So here I was in Latrun, watching my sons, aged 10 and 7, fascinated with the collection of tanks on display; captured antiques from Syria and Egypt, Merkava modern Israeli tanks, and other relics of the armoured corps. It seemed perfectly natural for young boys to be captivated by the tools of war, climbing up on the massive metal machines, standing atop the barrels, hatches and turrets. My wife, who has done her own few years of service in the IDF (she joined the Nachal, which includes at least six months of agricultural, kibbutz training/education), told the boys she only wished we didn't need all this militarism; that war is something to avoid at almost any cost; that we need to work to make the world a better place. She pointed out that the songs of her youth and still today are songs of peace. She told us that one of the songs includes the line, "Prachim ba'Kaneh," or flowers in the barrel. Seems like throughout our history we've always sung and prayed for such things, as early as Isiah's pronouncement of 'beating swords into plowshares.' Perhaps we need to do a better job, but we certainly shouldn't be accused of not trying.

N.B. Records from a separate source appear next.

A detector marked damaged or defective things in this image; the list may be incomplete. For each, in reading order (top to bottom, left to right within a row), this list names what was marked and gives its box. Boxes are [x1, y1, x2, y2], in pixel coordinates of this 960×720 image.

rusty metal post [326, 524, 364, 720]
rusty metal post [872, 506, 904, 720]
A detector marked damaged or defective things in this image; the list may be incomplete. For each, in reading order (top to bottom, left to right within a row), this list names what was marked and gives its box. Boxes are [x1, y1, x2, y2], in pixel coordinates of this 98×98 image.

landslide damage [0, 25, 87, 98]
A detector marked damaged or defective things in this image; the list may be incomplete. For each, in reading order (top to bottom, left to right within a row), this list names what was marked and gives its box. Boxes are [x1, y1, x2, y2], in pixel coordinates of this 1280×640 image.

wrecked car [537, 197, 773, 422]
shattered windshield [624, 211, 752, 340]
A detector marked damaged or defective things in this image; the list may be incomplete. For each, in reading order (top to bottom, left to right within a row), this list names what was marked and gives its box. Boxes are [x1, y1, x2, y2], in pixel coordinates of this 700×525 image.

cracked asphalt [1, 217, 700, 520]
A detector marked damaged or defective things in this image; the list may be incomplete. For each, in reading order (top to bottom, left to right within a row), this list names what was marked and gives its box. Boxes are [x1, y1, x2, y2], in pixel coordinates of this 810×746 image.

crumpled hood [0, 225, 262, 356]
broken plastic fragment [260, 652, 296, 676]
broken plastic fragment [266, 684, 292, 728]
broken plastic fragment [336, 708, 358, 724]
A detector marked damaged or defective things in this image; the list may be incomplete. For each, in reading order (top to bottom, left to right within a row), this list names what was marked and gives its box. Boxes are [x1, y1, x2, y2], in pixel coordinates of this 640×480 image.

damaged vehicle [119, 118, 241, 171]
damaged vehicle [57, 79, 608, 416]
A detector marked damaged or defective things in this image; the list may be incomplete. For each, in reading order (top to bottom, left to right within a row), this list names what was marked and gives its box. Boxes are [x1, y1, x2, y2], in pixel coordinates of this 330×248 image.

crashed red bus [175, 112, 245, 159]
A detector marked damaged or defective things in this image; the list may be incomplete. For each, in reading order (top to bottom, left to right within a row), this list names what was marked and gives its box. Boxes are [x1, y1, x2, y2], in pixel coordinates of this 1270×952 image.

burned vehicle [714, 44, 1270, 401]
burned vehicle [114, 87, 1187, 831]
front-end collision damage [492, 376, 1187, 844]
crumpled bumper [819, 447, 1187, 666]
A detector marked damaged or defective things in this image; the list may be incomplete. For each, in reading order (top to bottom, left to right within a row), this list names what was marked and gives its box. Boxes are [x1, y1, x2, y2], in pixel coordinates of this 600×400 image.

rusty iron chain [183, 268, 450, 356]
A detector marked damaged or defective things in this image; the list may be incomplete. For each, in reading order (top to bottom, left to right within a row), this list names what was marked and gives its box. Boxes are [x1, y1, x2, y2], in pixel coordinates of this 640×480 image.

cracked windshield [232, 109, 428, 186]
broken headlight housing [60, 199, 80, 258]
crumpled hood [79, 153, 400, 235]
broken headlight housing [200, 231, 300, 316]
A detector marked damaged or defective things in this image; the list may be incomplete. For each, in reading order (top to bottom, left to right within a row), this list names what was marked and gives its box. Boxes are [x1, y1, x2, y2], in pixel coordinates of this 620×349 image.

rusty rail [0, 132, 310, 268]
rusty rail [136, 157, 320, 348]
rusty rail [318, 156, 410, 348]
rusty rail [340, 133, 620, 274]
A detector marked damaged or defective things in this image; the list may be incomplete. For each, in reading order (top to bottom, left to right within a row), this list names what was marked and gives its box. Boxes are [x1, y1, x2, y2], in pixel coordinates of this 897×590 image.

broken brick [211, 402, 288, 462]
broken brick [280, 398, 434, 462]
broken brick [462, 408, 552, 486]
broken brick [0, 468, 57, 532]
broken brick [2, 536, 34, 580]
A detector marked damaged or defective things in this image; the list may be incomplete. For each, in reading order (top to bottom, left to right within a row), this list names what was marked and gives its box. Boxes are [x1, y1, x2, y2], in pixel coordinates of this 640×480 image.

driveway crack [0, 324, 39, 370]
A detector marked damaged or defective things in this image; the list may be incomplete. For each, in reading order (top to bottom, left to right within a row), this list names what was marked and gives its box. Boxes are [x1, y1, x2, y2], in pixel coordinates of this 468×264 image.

I was left pondering how I felt about all this. And what I came away with was an enormous sense of pride and respect. Pride and respect because despite the neighborhood Israel live in, where threats of annihilation from her enemies are commonplace (just listen to Ahmadinejad or read the Hamas Charter), her sons and daughters are still taught songs of peace and love. Because the mettle of the families I saw said that despite the corruption in government, despite the errors and miscalculations in last summer's war, despite the horrific Qassam attacks from Gaza (courtesy of Islamic Jihad, but celebrated widely by all in Gaza--Hamas called it "a victory from God") just yesterday at an army base in the Negev wounding 69 young recruits; despite all that, most everyone still sends their sons and daughters proudly into service, because they understand that until our enemies change their ways, we have little choice but to have a strong military if we wish to survive.
I explained to my young sons that if we ever manage to to make Aliya [literally ascension, used to connote emigrating/moving (upward) to Israel as part of the Jewish 'Right of Return' laws], I will proudly come and watch them be sworn in when their time comes (my wife may have something to say about all this, but that's how I feel).
We went on to the Miniature Israel Museum up the road and from the distance could hear the music and salutes and the oaths taking place. We thought it only appropriate to then travel on to the center of it all, Jerusalem. And thus began our Rosh Ha'Shana eve.
Shana Tovah u'Metukah to all
David Brumer
Holon, Israel

1 comment:

Lao Qiao said...

A beautiful essay, David. Shana tova, or as we say in Chinese, xin nian kuai le (new year fast happiness).